Izumi encarou fixamente os brincos. Eram pedras escuras engastadas em uma base de ouro bem feita. A área que parecia uma agulha curvada mostrava que esse era um brinco de gancho e as manchas escuras na seção do gancho lhe deram uma forte sensação de realidade.
Lentamente, uma estranha ansiedade penetrou dentro dela a partir das pontas de seus dedos.
Quando Izumi jogou os brincos para longe na borda da banheira, eles flutuaram.
Ela rapidamente se secou, colocou suas roupas, enrolou seu cabelo molhado numa toalha e se apressou para dentro do genkan.⁵
Colocando um par de sandálias, ela foi até a parte de trás da casa.
Ali estava a janela do banheiro.
O cenário ao seu redor não era, obviamente, uma terra desolada. Só havia uma simples parede de blocos de concreto e a cerca da casa vizinha aparecendo sobre o muro.
Entre a parede de concreto e a parede da sua casa havia um pequeno caminho coberto por cascalhos.
Enquanto observava seus arredores com cuidado o suficiente para não perder nem mesmo uma formiga, ela andou de forma lenta para frente até ficar diante do banheiro e então escancarou com força sua janela.
Da banheira cheia de água quente, subia o vapor que enchia o aposento.
Em seu campo de visão enevoado, Izumi encontrou uma pedra azul brilhante, em seguida, ela se inclinou sobre a janela. Suas pernas haviam perdido a força.
O que estava acontecendo afinal?
Nota(s):
1 – Aqui a frase original era: “The heck are you? A peeper?” Ela quer dizer: ‘O que diabos é você? Alguém que espia?’ Mas para traduzir o sentido do que está sendo expressado, eu achei melhor mudar a construção da frase, pois em português não há um bom termo que exprima o sentido de “peeper”.
2 – Na tradução o termo usado é ‘tankubon’, que segundo da definição da Wikipédia é: “Tankōbon (単行本, lit. livro/volume independente) é um termo da língua japonesa para um livro que é completo em si próprio e não é parte de uma série, embora a indústria de mangá use o termo para identificar compilações (brochuras) de capítulos que possam fazer parte de uma série.
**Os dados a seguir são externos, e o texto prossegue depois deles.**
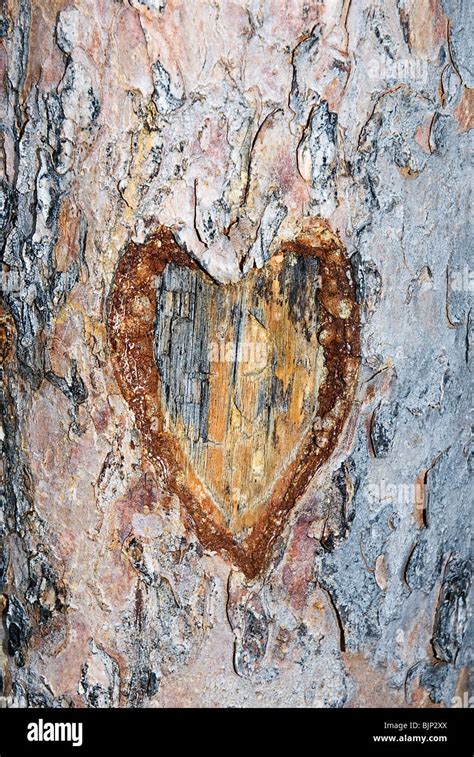 Heart Carved In A Tree Trunk Stock Photo Alamy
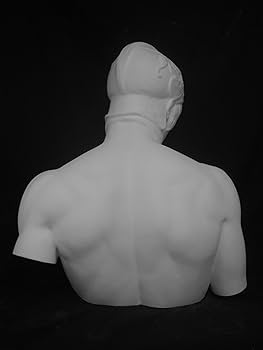 Amazon.co.jp: 石膏像 K－123 ボルゲーゼのマルス胸像 H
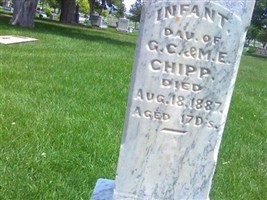 infant Chipp (1873778.jpg)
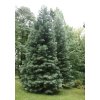 Sequoiadendron giganteum - sekvojovec obrovský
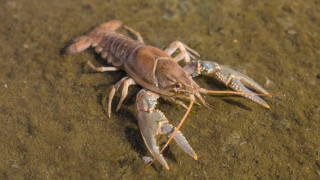 Crayfish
O termo pode ser usado para um romance, um trabalho não ficcional, um livro de economia, um livro de dicas de beleza, um livro com fotografias, um catálogo com amostras de livros anteriores para exibição, etc, em formato capa dura. É mais específico do que o hon simples”. Eu simplesmente traduzi para livro para melhor compreensão.
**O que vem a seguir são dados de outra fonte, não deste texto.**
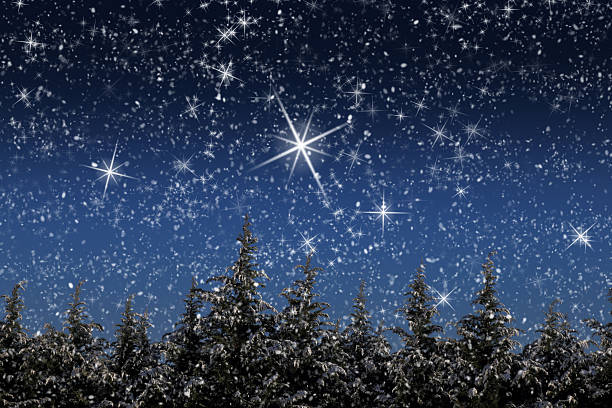 istock Beautiful winter landscape with snow covered trees at night 474597793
3 – Mikan é uma fruta cítrica de origem japonesa muito semelhante à nossa tangerina ou mexerica. Na versão traduzida está ‘fatia’, mas como é dito a seguir que ela engoliu com semente e tudo, eu suponho que gomo seja uma tradução melhor.
4 – Touca de Esqui, aquela máscara preta de tecido que cobre a face inteira, menos os olhos e a boca, também usada por criminosos.
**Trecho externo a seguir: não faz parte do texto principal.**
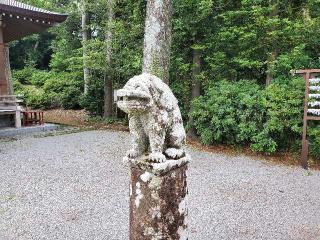 矢上神社の参拝記録(飛成さん)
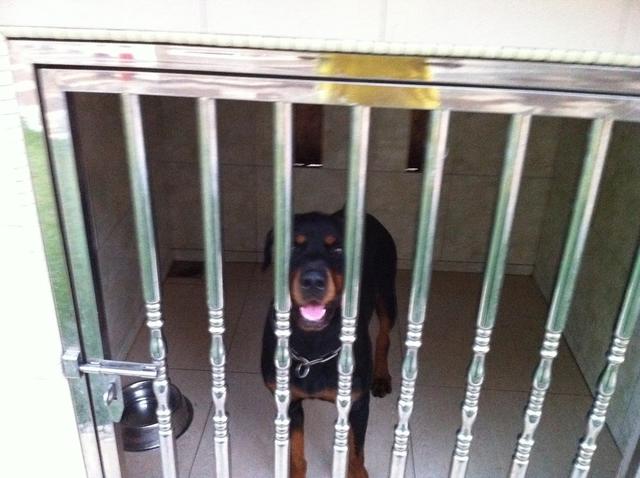 Photo of Bukit Tinggi Animal Clinic Sdn.Bhd - Klang, Selangor, Malaysia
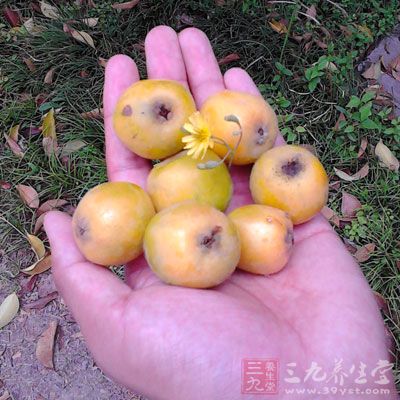 輕而易舉的把枇杷皮剝離下來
5 – O Genkan (玄関 Genkan. ) é a área de entrada tradicional para casas e prédios japoneses constituída de uma varanda, ou uma sala, com um tapete onde deve-se retirar os sapatos. A função principal do genkan é evitar que as sujeiras da rua que ficaram no sapato entrem dentro da casa, ou qualquer edifício.